Finance minister Amir Khasru Mahmud Chowdhury has asked the Asian Development Bank for substantially more financial and technical assistance, arguing that surging energy import bills, geopolitical turbulence and accelerating climate threats have combined to strain the economy to a point where support from international stakeholders has become critical.
Addressing the governors’ business session of the ADB’s 59th annual meeting in Samarkand on Monday, Chowdhury said global fuel price spikes and the pressure on the Bangladeshi taka against the dollar had compounded the difficulty.
The cooperation of international partners is urgently needed to secure Bangladesh’s energy supplies and maintain economic stability, he told the gathering, which drew ministers, senior officials and policymakers from 47 countries.
Chowdhury lauded ADB’s timely budget support but argued that “counter-cyclical financing” must continue if global risks escalate further. He urged the ADB to play a central role in building a long-term sustainable energy architecture for Bangladesh, which has set a target of meeting 20 percent of its power from renewable sources by 2030.

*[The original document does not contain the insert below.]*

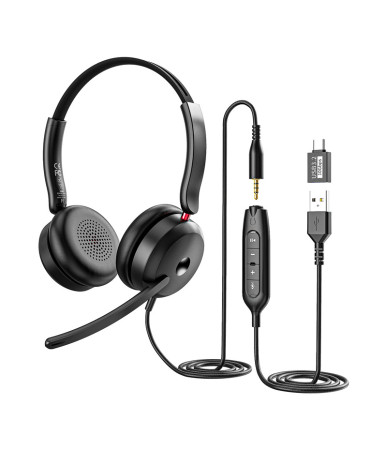 ONIKUMA X81 gaming headphones (black)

On climate, the minister catalogued the country’s exposure: floods, cyclones, river erosion, salinity intrusion and sea-level rise that threaten both livelihoods and infrastructure. He called for a scale-up of low-interest climate finance spanning adaptation and mitigation, including resilient infrastructure, climate-smart agriculture, disaster risk reduction, nature-based solutions and carbon markets. He also invited the ADB to lead the Bangladesh Climate Development Partnership, a country-level platform intended to drive renewable energy expansion, ecosystem restoration and river rehabilitation.
The finance minister pressed the case for heavier private-sector investment, stronger regional connectivity through SASEC, SAARC and Asean frameworks, and sustained ADB engagement in infrastructure, energy, transport, education and institutional development. Job creation, social protection and balanced regional growth, Chowdhury said, remained the government’s top priorities.
Chowdhury also raised the Rohingya crisis issue, noting that Bangladesh continued to shelter large numbers of forcibly displaced Myanmar nationals on humanitarian grounds and that ADB’s additional support was needed for both the displaced population and host communities.
The theme for the Monday session was “Crossroads of Progress: Advancing the Region’s Connected Future”. The annual meeting, which opened on May 3, concludes on Wednesday.